Work task:
Among the entries below, one line contains "Savile Row 100%" and another contains "Смеситель для раковины". Transcribe those two lines and every line between them, exactly.

(Beginning of Exercise input)

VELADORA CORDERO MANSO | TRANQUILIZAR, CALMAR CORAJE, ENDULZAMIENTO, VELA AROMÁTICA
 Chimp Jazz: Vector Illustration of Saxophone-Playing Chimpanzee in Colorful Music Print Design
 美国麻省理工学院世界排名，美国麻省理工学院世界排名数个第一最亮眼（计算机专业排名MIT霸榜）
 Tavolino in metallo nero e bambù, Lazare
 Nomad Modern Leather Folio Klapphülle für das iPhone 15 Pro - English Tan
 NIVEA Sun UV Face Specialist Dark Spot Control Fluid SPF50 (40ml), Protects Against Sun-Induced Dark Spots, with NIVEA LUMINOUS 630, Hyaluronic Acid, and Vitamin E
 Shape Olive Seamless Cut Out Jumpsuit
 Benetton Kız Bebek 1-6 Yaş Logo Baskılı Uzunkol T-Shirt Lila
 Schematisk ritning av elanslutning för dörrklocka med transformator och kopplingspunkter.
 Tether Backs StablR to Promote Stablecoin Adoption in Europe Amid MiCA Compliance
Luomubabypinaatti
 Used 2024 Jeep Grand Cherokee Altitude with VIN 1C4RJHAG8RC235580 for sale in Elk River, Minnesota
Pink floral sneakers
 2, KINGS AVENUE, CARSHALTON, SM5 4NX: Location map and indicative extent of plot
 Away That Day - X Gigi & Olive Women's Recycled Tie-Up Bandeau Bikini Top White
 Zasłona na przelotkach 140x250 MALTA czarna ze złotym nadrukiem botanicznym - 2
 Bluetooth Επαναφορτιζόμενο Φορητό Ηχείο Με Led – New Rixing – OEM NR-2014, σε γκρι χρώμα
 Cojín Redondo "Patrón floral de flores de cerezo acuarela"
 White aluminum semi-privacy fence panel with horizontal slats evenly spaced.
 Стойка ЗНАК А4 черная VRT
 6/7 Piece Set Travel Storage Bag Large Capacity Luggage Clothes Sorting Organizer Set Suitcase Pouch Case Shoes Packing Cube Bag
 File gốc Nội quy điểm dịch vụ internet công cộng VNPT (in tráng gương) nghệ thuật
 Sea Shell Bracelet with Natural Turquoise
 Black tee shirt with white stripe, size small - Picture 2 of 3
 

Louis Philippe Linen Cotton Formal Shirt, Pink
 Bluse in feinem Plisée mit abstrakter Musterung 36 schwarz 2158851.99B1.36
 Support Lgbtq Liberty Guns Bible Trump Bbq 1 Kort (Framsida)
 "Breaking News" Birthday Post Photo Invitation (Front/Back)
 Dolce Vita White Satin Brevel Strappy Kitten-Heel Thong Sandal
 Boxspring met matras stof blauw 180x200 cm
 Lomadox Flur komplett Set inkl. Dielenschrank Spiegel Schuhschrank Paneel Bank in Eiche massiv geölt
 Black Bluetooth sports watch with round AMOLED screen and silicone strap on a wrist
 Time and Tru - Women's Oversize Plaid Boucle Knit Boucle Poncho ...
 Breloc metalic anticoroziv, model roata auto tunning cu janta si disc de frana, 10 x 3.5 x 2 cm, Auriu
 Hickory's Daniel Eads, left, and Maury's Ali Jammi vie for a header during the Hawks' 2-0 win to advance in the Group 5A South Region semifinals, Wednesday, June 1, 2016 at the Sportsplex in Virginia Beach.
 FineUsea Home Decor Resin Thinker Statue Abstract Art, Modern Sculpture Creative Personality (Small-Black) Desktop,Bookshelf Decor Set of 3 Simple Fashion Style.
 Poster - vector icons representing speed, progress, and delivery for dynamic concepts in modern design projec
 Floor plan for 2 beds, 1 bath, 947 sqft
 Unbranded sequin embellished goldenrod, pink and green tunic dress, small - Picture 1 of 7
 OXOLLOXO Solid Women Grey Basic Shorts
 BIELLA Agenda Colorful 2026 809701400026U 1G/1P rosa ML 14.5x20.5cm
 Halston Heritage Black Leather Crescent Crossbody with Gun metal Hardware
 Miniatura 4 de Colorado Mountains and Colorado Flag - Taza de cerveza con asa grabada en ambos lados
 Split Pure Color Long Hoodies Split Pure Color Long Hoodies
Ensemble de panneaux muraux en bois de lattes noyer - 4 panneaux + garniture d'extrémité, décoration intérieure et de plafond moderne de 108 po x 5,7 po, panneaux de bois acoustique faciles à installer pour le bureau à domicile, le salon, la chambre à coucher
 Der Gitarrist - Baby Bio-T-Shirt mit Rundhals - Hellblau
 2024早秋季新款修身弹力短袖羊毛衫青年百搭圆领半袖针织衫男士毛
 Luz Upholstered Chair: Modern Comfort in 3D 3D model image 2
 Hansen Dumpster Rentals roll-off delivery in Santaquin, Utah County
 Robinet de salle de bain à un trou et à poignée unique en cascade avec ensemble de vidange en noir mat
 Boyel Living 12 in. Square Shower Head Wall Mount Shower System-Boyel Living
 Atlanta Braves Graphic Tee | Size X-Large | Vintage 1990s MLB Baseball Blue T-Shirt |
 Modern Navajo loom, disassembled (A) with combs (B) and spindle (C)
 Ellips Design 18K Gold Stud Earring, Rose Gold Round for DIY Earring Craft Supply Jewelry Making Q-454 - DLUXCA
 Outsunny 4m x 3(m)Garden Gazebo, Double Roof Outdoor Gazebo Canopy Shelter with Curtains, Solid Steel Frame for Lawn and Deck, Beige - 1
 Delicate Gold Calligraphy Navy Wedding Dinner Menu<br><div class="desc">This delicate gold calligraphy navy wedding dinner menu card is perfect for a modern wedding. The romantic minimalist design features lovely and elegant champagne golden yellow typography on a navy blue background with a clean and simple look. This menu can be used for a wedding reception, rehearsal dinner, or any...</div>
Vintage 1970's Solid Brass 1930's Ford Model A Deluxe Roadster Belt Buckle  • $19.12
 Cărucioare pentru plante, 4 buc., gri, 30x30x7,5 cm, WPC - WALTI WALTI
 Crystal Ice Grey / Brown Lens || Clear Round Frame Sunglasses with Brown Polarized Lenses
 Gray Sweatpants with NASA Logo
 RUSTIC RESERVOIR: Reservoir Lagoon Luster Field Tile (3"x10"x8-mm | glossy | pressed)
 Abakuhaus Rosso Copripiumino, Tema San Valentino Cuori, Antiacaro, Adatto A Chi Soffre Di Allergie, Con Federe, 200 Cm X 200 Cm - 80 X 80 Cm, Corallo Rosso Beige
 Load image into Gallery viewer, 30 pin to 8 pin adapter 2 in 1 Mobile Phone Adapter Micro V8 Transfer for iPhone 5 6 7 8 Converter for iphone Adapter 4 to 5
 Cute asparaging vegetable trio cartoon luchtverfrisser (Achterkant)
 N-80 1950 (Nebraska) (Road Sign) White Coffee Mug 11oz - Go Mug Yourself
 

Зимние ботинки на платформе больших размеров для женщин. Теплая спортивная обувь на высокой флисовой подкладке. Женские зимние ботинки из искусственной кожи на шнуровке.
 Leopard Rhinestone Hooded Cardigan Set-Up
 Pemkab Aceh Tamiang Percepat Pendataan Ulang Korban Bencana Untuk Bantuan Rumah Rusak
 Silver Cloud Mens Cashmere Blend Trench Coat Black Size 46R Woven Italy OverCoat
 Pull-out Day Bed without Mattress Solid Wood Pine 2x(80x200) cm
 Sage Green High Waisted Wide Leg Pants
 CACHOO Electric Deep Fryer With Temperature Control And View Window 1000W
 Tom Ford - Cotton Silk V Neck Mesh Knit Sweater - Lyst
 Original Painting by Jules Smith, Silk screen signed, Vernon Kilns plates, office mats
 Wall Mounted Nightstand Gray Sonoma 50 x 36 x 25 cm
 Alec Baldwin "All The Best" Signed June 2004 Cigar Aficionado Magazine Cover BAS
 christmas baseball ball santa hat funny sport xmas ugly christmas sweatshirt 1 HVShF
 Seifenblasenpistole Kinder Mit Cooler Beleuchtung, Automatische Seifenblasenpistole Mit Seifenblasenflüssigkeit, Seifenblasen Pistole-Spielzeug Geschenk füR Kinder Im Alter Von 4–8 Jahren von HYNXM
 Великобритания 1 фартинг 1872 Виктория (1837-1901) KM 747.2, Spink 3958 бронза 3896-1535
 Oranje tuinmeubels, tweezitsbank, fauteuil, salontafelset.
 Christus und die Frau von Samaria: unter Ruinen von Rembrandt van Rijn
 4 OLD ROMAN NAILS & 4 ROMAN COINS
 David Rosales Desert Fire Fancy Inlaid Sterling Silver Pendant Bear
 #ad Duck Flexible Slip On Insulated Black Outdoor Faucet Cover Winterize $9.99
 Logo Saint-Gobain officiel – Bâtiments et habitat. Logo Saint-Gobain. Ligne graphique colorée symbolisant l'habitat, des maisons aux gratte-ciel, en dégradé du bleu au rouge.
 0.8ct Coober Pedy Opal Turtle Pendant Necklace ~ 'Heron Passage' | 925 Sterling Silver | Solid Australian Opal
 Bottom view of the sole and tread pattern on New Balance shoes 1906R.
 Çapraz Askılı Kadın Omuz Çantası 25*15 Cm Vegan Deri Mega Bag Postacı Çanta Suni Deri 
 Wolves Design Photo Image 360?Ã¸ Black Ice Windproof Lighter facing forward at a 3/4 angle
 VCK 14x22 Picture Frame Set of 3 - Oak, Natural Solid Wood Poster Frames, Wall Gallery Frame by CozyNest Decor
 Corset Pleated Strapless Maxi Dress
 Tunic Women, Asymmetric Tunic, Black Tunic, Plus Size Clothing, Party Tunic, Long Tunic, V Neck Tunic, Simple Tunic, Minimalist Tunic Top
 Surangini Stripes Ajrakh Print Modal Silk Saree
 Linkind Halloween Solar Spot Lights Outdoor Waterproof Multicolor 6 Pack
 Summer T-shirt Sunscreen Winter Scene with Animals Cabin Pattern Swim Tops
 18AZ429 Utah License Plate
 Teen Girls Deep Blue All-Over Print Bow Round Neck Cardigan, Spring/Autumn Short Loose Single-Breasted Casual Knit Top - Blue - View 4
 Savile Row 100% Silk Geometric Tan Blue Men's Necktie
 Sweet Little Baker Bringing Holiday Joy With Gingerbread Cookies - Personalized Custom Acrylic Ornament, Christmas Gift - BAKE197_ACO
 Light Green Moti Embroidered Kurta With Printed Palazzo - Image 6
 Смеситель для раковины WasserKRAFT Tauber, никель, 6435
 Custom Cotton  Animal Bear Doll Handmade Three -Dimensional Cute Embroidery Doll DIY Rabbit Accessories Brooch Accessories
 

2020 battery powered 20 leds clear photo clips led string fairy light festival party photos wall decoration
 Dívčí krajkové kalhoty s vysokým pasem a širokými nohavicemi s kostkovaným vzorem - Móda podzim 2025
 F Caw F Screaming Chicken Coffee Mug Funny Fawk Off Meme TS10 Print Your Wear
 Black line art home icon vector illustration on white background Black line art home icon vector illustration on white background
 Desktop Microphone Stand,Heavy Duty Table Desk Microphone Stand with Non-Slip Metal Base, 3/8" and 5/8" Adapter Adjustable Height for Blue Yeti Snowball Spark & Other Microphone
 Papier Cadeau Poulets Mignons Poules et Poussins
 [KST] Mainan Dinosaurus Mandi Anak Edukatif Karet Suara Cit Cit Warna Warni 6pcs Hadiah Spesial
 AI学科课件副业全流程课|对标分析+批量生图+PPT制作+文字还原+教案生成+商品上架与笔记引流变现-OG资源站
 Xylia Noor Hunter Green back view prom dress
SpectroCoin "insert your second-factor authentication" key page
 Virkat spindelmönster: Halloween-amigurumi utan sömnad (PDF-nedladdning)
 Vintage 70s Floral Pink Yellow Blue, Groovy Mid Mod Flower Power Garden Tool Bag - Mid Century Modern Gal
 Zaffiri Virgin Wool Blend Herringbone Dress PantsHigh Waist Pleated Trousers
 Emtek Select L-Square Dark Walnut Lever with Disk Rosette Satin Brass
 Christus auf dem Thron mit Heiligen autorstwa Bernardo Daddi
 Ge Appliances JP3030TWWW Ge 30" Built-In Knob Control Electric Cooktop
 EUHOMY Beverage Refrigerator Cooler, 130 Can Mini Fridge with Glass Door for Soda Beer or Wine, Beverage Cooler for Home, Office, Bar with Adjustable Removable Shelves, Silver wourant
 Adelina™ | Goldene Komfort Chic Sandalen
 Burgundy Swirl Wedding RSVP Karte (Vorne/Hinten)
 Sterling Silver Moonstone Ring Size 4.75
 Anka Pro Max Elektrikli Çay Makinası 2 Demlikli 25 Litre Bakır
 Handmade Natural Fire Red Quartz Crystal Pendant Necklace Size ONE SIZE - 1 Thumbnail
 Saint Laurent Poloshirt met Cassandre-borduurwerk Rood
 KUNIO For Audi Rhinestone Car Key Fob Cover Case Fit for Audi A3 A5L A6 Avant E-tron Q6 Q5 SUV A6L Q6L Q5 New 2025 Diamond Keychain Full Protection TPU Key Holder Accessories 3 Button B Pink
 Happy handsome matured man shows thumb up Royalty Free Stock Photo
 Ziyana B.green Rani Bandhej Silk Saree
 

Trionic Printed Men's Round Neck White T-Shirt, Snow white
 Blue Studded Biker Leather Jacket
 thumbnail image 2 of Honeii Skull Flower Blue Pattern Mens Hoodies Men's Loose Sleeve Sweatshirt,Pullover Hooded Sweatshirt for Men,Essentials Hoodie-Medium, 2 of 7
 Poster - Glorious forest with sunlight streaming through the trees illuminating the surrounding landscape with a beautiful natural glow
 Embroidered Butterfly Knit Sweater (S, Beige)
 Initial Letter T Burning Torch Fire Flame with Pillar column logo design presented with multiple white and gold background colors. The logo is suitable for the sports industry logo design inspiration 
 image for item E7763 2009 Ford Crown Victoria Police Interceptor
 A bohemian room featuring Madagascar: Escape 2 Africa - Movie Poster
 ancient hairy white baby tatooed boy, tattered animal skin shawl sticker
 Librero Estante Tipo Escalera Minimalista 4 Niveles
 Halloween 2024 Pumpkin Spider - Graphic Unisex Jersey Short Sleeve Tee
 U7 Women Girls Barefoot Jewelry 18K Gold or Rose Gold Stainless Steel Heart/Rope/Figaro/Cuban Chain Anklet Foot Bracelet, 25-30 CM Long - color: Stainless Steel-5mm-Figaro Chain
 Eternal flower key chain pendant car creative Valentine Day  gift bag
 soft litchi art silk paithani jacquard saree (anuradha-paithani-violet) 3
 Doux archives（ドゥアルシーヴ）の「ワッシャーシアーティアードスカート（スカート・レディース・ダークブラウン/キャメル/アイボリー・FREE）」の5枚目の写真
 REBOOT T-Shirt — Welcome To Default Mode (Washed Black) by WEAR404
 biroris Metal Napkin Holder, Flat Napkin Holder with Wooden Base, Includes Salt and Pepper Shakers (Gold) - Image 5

(End of Exercise input)

Output below:
 Savile Row 100% Silk Geometric Tan Blue Men's Necktie
 Sweet Little Baker Bringing Holiday Joy With Gingerbread Cookies - Personalized Custom Acrylic Ornament, Christmas Gift - BAKE197_ACO
 Light Green Moti Embroidered Kurta With Printed Palazzo - Image 6
 Смеситель для раковины WasserKRAFT Tauber, никель, 6435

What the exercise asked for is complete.